474901 31 20190807 G

No demande :

2821482

 

 

Date :

12 mars 2020

Régisseure :

Francine Jodoin, juge administrative

 

Salim Djeaiou

 

Locataire - Partie demanderesse

c.

Jean-Louis Pommier

 

Locateur - Partie défenderesse

D É C I S I O N

 

 

[1]      Le locataire réclame des dommages-intérêts d’un montant de 1 500 $, l’exécution provisoire est les frais de la demande.

[2]      Il s’agit d’un bail du 1er juillet 2017 au 30 juin 2018, au loyer mensuel de 680 $.

[3]      Le locataire a quitté le logement en août 2017.

[4]      Le locataire explique qu’il avait auparavant introduit un recours contre le locateur qui a été rejeté sommairement au motif d’absence de notification dans un délai déraisonnable[1]. Le Tribunal ajoute même :

« [20] Tel que déjà mentionné, il existe des dispositions afin qu’un justiciable ne perde pas ses droits de se pourvoir en justice advenant que son recours soit jugé irrecevable pour défaut de notification dans un délai raisonnable. »

[5]      Et voilà que le locataire introduit, en effet, un nouveau recours. Le locateur est toutefois absent à la nouvelle audience.

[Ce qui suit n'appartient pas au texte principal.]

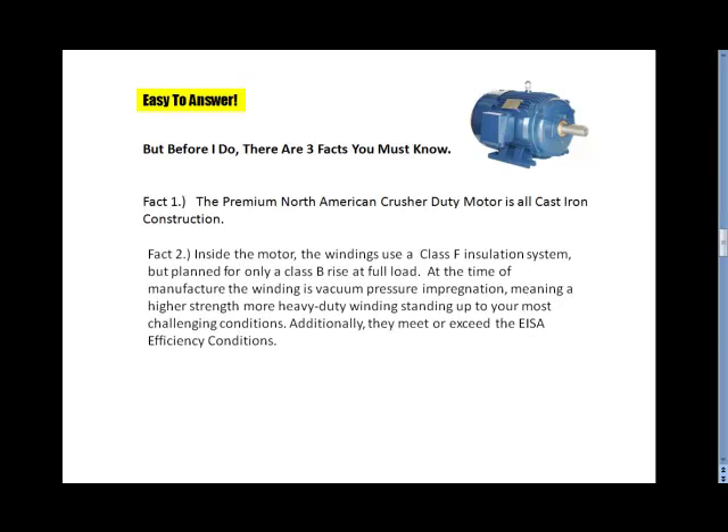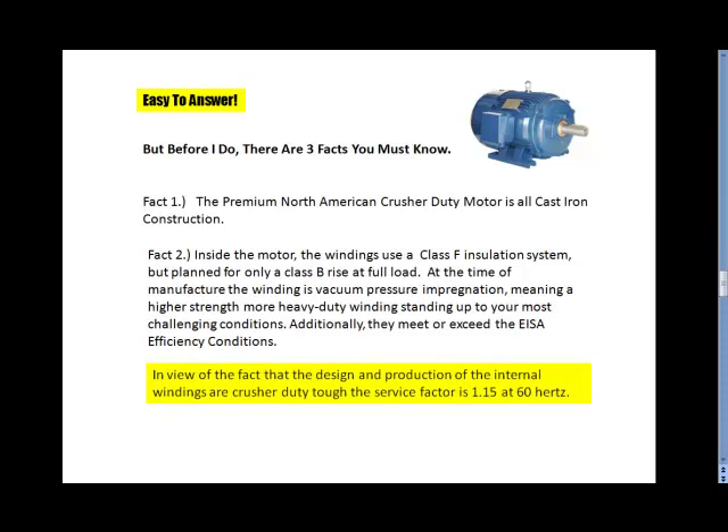Fact 2. Inside the motor, the windings use a Class F insulation system, but planned only for a Class B rise at full load. At the time of manufacture, the winding is vacuum pressure impregnated, meaning a higher strength, more heavy-duty winding standing up to your most challenging conditions. Additionally, they meet or exceed the EISA efficiency conditions. The design and production of the internal windings are Crusher Duty tough, and the service factor is 1.15 at 60 Hertz.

[6]      Le locataire explique que le locateur a contrevenu à ses obligations et qu’il a déménagé en conséquence. Il réclame pour des réparations qui n’ont pas été faites dans son logement et les troubles subis par les comportements d’un voisin. Il argue que le montant de la demande est sans importance, mais qu’il souhaite voir le locateur sanctionné pour ses agissements.

[7]      Il soumet que son voisin fumait de la drogue et que cela a causé de mauvaises odeurs dans son logement. Il a fallu qu’il installe un plastique isolant dans un placard. Ensuite, ce comportement du voisin a causé des bagarres, des va-et-vient, le vol du vélo de son fils, de la musique forte et des bruits.


[8]      Il soutient que le locateur l’a harcelé avec un barbecue qui ne lui appartenait pas et en refusant de faire les travaux nécessaires chez lui. Il ajoute que le locateur l’a accusé faussement d’avoir laissé le logement en mauvais état.

[9]      À la suite d’une lettre qu’il a transmise, mais qu’il ne peut produire, le locateur est allé inspecter chez lui et est reparti sans rien faire.

[10]   Il dépose une série de photos pour illustrer la condensation dans les fenêtres, le cadrage endommagé d’une fenêtre, des points noirs s’apparentant à de la moisissure au plafond.

[11]   Dans la réponse du locateur à une lettre transmise par le locataire, il est fait état du refus d’accès pour procéder aux réparations, que des réparations ont été faites en mai 2016, de l’action entreprise au sujet de l’odeur de cannabis et du vol d’un vélo et des règles de sécurité en cas d’évacuation de l’immeuble.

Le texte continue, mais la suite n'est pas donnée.